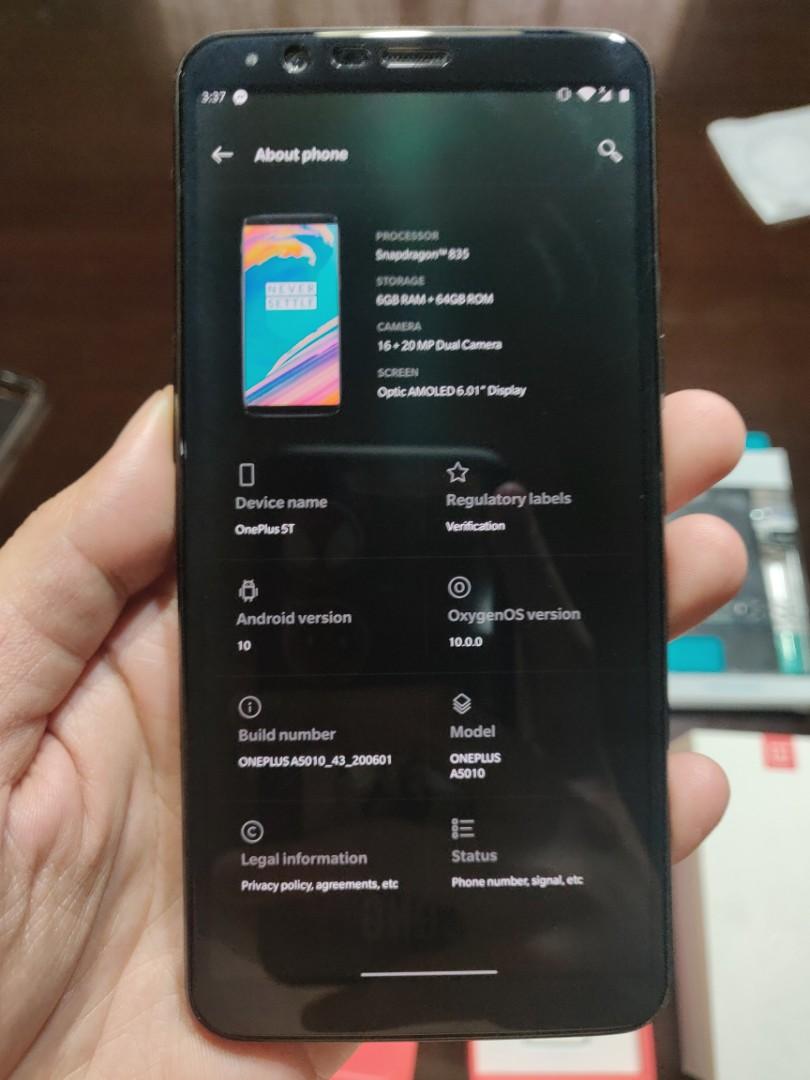 OnePlus 5T 6gb/64gb (Category: Android Others) located in Quezon City. Submitted by romecarag (Listing ID 1032186643, Image 2). Description: Selling my pre-loved OnePlus 5T. Used but not abused. Smoothness: 98% Tempered since day 1 With installed carbon fiber skin protector at the back With 5 free cases, tempered glass and additional carbon fiber skin protector RFS: extra phone and need funds If interested just text me: 0 9 1 6 4 8 1 6 7 5 5 Meet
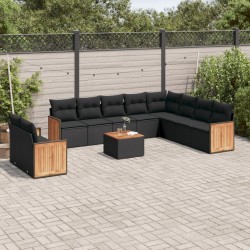Ensemble de canapé de jardin avec coussin 9 pcs Noir polyrotin 489217489217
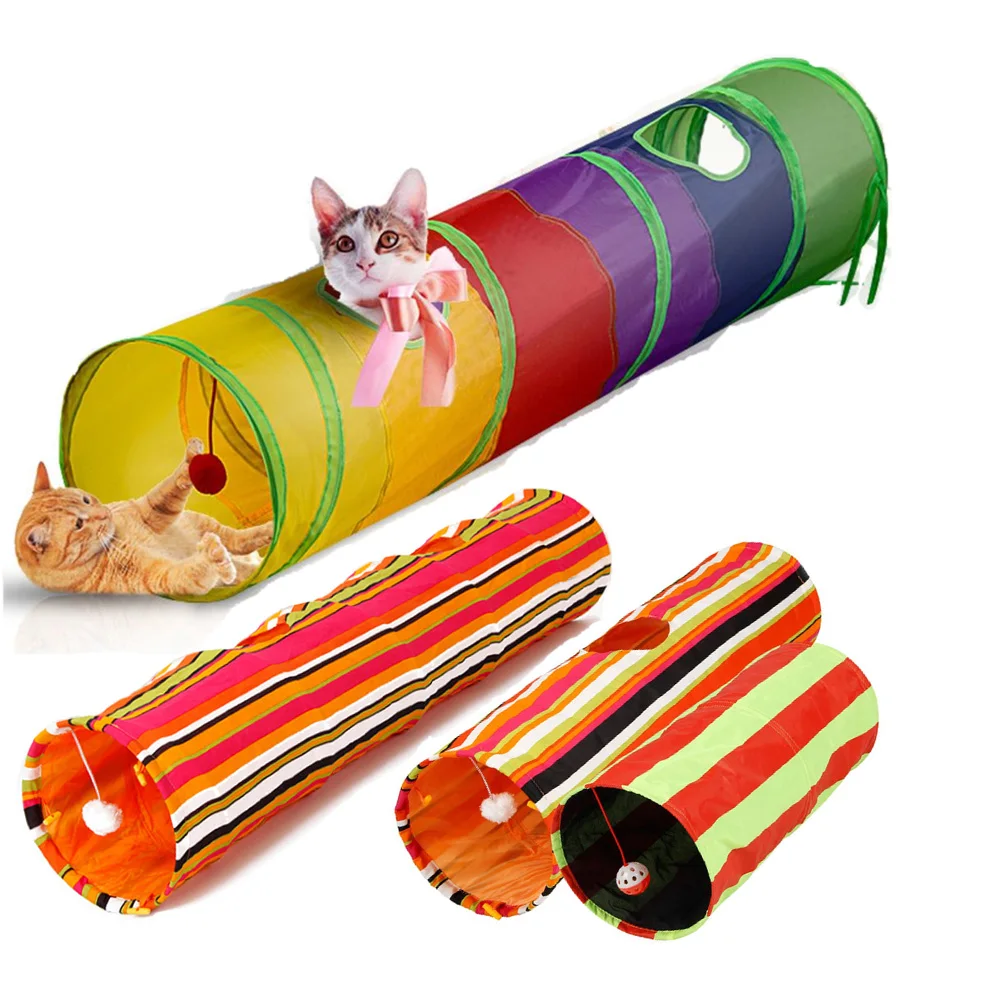 

Plus Longer Canvas Fabric Pet Cat Tunnel Collapsible Cat Tunnel Toys, As photo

TASK INSTRUCTIONS: Send back the listing exactly as it stands. Do not include the pictures.

TASK OUTPUT:
 OnePlus 5T 6gb/64gb (Category: Android Others) located in Quezon City. Submitted by romecarag (Listing ID 1032186643, Image 2). Description: Selling my pre-loved OnePlus 5T. Used but not abused. Smoothness: 98% Tempered since day 1 With installed carbon fiber skin protector at the back With 5 free cases, tempered glass and additional carbon fiber skin protector RFS: extra phone and need funds If interested just text me: 0 9 1 6 4 8 1 6 7 5 5 Meet
Ensemble de canapé de jardin avec coussin 9 pcs Noir polyrotin 489217489217

Plus Longer Canvas Fabric Pet Cat Tunnel Collapsible Cat Tunnel Toys, As photo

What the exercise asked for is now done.